I think we have all come to recognize that we are living in a part of this country that still enjoys a pristine environment. We have something that probably the inhabitants of Europe would give their left arm to enjoy, and we take for granted. It is about time that we started marketing it properly, and I am delighted to see that the minister - the new minister of this new department - recognizes that potential and is working toward that end, particularly in my district of Lewisporte. We are right in the heart of what I believe will become the tourist capital of this Province within the next few years. We are right in the center of the beautiful Bay of Exploits, the Notre Dame Bay area. That will become, in my opinion, without doubt, the tourist capital of this Province.

The minister has agreed to accompany me to my district again as the House closes in a few days, which will be his third or fourth trip to my district since becoming minister. He acknowledges that it will be his fourth, and I am pleased with that.
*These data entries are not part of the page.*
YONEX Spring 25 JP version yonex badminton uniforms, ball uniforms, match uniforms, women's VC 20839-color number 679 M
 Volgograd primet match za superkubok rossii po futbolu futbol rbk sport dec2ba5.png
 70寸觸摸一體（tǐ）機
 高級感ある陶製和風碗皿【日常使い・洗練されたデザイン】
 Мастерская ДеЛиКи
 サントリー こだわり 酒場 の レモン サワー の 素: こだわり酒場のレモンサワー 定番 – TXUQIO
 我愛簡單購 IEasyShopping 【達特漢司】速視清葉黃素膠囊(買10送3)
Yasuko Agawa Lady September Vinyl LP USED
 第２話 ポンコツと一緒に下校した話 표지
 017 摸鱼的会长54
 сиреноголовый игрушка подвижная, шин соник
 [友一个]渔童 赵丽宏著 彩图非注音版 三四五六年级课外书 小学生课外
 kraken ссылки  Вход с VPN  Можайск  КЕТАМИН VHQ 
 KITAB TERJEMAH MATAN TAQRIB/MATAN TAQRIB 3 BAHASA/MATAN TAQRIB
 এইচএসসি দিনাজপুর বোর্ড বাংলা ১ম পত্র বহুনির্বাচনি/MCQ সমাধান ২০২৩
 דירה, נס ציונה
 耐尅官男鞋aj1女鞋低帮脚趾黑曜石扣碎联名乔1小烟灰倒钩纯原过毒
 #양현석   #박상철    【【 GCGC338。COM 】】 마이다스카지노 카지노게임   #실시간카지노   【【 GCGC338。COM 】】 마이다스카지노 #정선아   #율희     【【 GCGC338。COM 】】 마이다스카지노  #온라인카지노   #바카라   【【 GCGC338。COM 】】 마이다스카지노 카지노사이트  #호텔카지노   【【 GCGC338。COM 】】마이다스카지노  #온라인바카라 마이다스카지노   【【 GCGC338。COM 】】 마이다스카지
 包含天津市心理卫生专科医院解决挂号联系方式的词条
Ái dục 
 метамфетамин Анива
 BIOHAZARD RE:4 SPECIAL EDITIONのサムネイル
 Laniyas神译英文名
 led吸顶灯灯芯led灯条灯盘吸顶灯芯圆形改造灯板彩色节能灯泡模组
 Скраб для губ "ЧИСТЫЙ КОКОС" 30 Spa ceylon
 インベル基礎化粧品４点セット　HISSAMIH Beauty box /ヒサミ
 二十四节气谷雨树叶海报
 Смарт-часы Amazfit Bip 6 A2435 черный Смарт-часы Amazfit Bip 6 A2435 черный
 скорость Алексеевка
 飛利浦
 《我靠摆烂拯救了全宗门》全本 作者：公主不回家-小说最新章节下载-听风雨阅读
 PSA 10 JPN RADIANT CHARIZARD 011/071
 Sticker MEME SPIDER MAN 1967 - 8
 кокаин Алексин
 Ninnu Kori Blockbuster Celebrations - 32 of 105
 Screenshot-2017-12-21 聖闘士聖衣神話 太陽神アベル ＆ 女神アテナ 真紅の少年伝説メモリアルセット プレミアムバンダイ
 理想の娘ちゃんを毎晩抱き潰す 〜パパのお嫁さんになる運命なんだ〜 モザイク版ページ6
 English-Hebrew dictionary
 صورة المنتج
Mr. Speaker, the Committee on the Department of Fisheries estimates was chaired that night by my hon. colleague from Eagle River. Because of a previous commitment, I could not attend, so my colleague from Eagle River filled in for me. I have no doubt that when the opportunity presents itself, he will stand here in the House and he will explain to us some of the things that happened that night.

I would like to make a few comments about the proceedings when we did the estimates of the Department of Forestry and Agriculture. We all recognize that our forest is a renewable resource, but some concern was raised, Mr. Speaker, about the rate of consumption and whether, in fact, the resource can renew itself at the rate that we are consuming it. There was also some concern raised as to whether we should allow our hardwoods, particularly our birch, to be used for firewood. The minister elaborated that maybe we should put our hardwoods to some better use than firewood and we should re-allocate sections of the resource. Mr. Speaker, the questions were very thorough, very good questions, very substantive questions, particularly on the other section of his department, agriculture. It was recognized, as well, that Newfoundland doesn't enjoy the climate that we have in other parts of this country, nevertheless, we can become more self-sufficient in agriculture than we are. It is nice to know that we have a minister who recognizes that and is working toward that end.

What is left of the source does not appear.